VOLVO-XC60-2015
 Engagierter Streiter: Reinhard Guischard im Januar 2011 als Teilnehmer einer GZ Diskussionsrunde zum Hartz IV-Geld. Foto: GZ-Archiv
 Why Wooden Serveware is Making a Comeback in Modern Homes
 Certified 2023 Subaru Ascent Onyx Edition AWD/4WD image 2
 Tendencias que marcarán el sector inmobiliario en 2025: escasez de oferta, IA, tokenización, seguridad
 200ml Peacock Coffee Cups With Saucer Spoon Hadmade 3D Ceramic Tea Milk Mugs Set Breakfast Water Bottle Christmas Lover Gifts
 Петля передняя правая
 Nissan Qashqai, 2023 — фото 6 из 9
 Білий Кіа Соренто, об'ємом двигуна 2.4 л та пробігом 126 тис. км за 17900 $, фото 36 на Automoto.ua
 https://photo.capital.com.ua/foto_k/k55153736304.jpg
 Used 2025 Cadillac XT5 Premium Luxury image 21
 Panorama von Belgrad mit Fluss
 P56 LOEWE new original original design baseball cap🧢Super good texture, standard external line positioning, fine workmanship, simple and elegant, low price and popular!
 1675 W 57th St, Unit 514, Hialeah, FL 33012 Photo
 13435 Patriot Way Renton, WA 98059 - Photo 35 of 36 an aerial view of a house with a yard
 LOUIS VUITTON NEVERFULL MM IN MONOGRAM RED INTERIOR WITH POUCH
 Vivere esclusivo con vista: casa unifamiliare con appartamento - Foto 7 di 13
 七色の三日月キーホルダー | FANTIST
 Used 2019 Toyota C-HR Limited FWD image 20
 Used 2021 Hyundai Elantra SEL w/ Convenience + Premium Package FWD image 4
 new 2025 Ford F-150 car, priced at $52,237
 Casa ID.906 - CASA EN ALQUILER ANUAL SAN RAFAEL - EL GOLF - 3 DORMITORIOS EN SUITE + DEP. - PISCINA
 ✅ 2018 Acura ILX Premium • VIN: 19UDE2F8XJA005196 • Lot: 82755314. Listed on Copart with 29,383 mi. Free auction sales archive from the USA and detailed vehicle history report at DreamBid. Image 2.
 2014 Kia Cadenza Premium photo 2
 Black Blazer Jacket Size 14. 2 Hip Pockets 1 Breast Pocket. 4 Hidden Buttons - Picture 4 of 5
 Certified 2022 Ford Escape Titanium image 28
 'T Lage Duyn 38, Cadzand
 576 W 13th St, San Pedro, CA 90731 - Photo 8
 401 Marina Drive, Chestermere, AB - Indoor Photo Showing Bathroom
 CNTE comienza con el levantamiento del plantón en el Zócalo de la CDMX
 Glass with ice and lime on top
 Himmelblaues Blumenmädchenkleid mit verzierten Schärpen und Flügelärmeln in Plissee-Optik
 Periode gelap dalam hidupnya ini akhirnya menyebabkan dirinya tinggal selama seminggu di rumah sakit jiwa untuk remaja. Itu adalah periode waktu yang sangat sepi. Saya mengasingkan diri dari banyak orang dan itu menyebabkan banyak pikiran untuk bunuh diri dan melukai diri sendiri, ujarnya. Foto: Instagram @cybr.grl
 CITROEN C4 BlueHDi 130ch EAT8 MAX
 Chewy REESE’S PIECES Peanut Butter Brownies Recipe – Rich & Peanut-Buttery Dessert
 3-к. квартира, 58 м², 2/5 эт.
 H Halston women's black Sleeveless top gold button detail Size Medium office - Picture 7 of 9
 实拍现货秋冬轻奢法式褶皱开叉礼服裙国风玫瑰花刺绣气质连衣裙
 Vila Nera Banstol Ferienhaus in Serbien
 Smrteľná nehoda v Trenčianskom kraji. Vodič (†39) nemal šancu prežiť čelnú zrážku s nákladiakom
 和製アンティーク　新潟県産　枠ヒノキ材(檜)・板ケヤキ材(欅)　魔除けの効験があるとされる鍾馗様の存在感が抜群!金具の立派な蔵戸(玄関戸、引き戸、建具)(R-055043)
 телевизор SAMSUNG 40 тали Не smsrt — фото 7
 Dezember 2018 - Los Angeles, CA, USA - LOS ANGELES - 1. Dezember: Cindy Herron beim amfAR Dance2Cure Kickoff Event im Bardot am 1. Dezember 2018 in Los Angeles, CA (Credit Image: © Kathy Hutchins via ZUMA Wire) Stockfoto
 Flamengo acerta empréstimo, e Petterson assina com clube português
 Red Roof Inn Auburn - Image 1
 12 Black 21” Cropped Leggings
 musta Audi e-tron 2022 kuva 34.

━━━━━━━━

- What you should do: Each record must be reproduced exactly, with nothing missing.

- Written reply:
VOLVO-XC60-2015
 Engagierter Streiter: Reinhard Guischard im Januar 2011 als Teilnehmer einer GZ Diskussionsrunde zum Hartz IV-Geld. Foto: GZ-Archiv
 Why Wooden Serveware is Making a Comeback in Modern Homes
 Certified 2023 Subaru Ascent Onyx Edition AWD/4WD image 2
 Tendencias que marcarán el sector inmobiliario en 2025: escasez de oferta, IA, tokenización, seguridad
 200ml Peacock Coffee Cups With Saucer Spoon Hadmade 3D Ceramic Tea Milk Mugs Set Breakfast Water Bottle Christmas Lover Gifts
 Петля передняя правая
 Nissan Qashqai, 2023 — фото 6 из 9
 Білий Кіа Соренто, об'ємом двигуна 2.4 л та пробігом 126 тис. км за 17900 $, фото 36 на Automoto.ua
 https://photo.capital.com.ua/foto_k/k55153736304.jpg
 Used 2025 Cadillac XT5 Premium Luxury image 21
 Panorama von Belgrad mit Fluss
 P56 LOEWE new original original design baseball cap🧢Super good texture, standard external line positioning, fine workmanship, simple and elegant, low price and popular!
 1675 W 57th St, Unit 514, Hialeah, FL 33012 Photo
 13435 Patriot Way Renton, WA 98059 - Photo 35 of 36 an aerial view of a house with a yard
 LOUIS VUITTON NEVERFULL MM IN MONOGRAM RED INTERIOR WITH POUCH
 Vivere esclusivo con vista: casa unifamiliare con appartamento - Foto 7 di 13
 七色の三日月キーホルダー | FANTIST
 Used 2019 Toyota C-HR Limited FWD image 20
 Used 2021 Hyundai Elantra SEL w/ Convenience + Premium Package FWD image 4
 new 2025 Ford F-150 car, priced at $52,237
 Casa ID.906 - CASA EN ALQUILER ANUAL SAN RAFAEL - EL GOLF - 3 DORMITORIOS EN SUITE + DEP. - PISCINA
 ✅ 2018 Acura ILX Premium • VIN: 19UDE2F8XJA005196 • Lot: 82755314. Listed on Copart with 29,383 mi. Free auction sales archive from the USA and detailed vehicle history report at DreamBid. Image 2.
 2014 Kia Cadenza Premium photo 2
 Black Blazer Jacket Size 14. 2 Hip Pockets 1 Breast Pocket. 4 Hidden Buttons - Picture 4 of 5
 Certified 2022 Ford Escape Titanium image 28
 'T Lage Duyn 38, Cadzand
 576 W 13th St, San Pedro, CA 90731 - Photo 8
 401 Marina Drive, Chestermere, AB - Indoor Photo Showing Bathroom
 CNTE comienza con el levantamiento del plantón en el Zócalo de la CDMX
 Glass with ice and lime on top
 Himmelblaues Blumenmädchenkleid mit verzierten Schärpen und Flügelärmeln in Plissee-Optik
 Periode gelap dalam hidupnya ini akhirnya menyebabkan dirinya tinggal selama seminggu di rumah sakit jiwa untuk remaja. Itu adalah periode waktu yang sangat sepi. Saya mengasingkan diri dari banyak orang dan itu menyebabkan banyak pikiran untuk bunuh diri dan melukai diri sendiri, ujarnya. Foto: Instagram @cybr.grl
 CITROEN C4 BlueHDi 130ch EAT8 MAX
 Chewy REESE’S PIECES Peanut Butter Brownies Recipe – Rich & Peanut-Buttery Dessert
 3-к. квартира, 58 м², 2/5 эт.
 H Halston women's black Sleeveless top gold button detail Size Medium office - Picture 7 of 9
 实拍现货秋冬轻奢法式褶皱开叉礼服裙国风玫瑰花刺绣气质连衣裙
 Vila Nera Banstol Ferienhaus in Serbien
 Smrteľná nehoda v Trenčianskom kraji. Vodič (†39) nemal šancu prežiť čelnú zrážku s nákladiakom
 和製アンティーク　新潟県産　枠ヒノキ材(檜)・板ケヤキ材(欅)　魔除けの効験があるとされる鍾馗様の存在感が抜群!金具の立派な蔵戸(玄関戸、引き戸、建具)(R-055043)
 телевизор SAMSUNG 40 тали Не smsrt — фото 7
 Dezember 2018 - Los Angeles, CA, USA - LOS ANGELES - 1. Dezember: Cindy Herron beim amfAR Dance2Cure Kickoff Event im Bardot am 1. Dezember 2018 in Los Angeles, CA (Credit Image: © Kathy Hutchins via ZUMA Wire) Stockfoto
 Flamengo acerta empréstimo, e Petterson assina com clube português
 Red Roof Inn Auburn - Image 1
 12 Black 21” Cropped Leggings
 musta Audi e-tron 2022 kuva 34.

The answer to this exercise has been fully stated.